Es sabido que los pactos son medidas coyunturales para dar salida a un persistente desacuerdo. Son un punto de partida o un reinicio que los actores políticos, a veces acompañados por los factores de la producción, se brindan mutuamente para lograr un acomodo mínimo para generar estructuras de largo aliento de carácter legal y/o constitucional. De eso sabía Carlos Salinas, artífice de toda una época pactista que inició en 1987 y que se diluyó después de 1994.

Esto viene a cuento porque el miércoles pasado, Felipe Calderón llegó a un tímido acuerdo con la CONCAMIN, remedo de pacto, con el que se congeló el precio de veinticuatro productos alimenticios, en su mayoría enlatados o resultado de un proceso industrial, excluyendo alimentos frescos como la carne, frutas y verduras. Un control de precios sobre una porción de la canasta básica por lo que resta del año. Un acuerdo restringido que no suma, que no concita el apoyo en bloque del aparato productivo. De corto alcance, el anuncio presidencial es reconocido por analistas de BBV Bancomer y BANAMEX como un paliativo, según reporta La Jornada.
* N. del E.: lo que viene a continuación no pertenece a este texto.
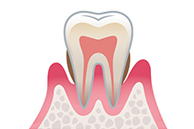 Stage3歯肉炎（中度）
Ya con anterioridad, el mes de enero si la memoria no traiciona, el presidente Calderón llegó a un acuerdo parecido con la asociación de tiendas de autoservicio y fue un fracaso. El motivo, excluir a los industriales del acuerdo. También se han adoptado medidas como la reducción de impuestos a la importación de alimentos y un multimillonario subsidio al consumo de la gasolina. Todo en este año y en abierta oposición al credo económico empresarial que profesa el destierro de los subsidios. Credo que de tiempo atrás siguen distinguidos miembros del gabinete, siendo su decano Luis Téllez Kuenzler.

A qué se debe ese cambio, a dos necesidades muy claras del gobierno calderonista: ganar las elecciones intermedias del 2009 y abrir cauce para que se concluya la reforma de PEMEX. No es la afectación de un súbito populismo de parte de quien lo ha denostado. Se trata de un uso retorcido del populismo para alcanzar objetivos muy precisos y ya mencionados. Y el retorcimiento mayor que surge de la casa presidencial es el de querer sustituir o actuar al margen de la institución encargada de la política antiinflacionaria, el Banco de México. Sin esa mínima coordinación institucional el plan anticrisis se ve condenado al fracaso.

Más difícil aún se ve la aprobación tal cual de la reforma de la industria petrolera. Ya Manlio Fabio Beltrones ha dicho que el Congreso no está obligado a seguir lo que el gobierno quiere. Ya el mismo Cuauhtémoc Cárdenas ha dado un repaso puntual a las declaraciones madrileñas de Felipe Calderón sobre el debate petrolero. Y el desgaste se lo sigue llevado el Presidente, pues el regañado gabinete sigue nadando de a muertito. Ni se apura, ni se aflige.

Y mientras tanto, el Congreso ha resuelto algunos pendientes de la reforma del Estado, que parecen ensombrecidos por el vendaval económico que se otea y ya se olfatea. Es decir, los vientos huracanados llegan a las narices del país como para poner a prueba el calado del barco y el temple y la pericia del capitán.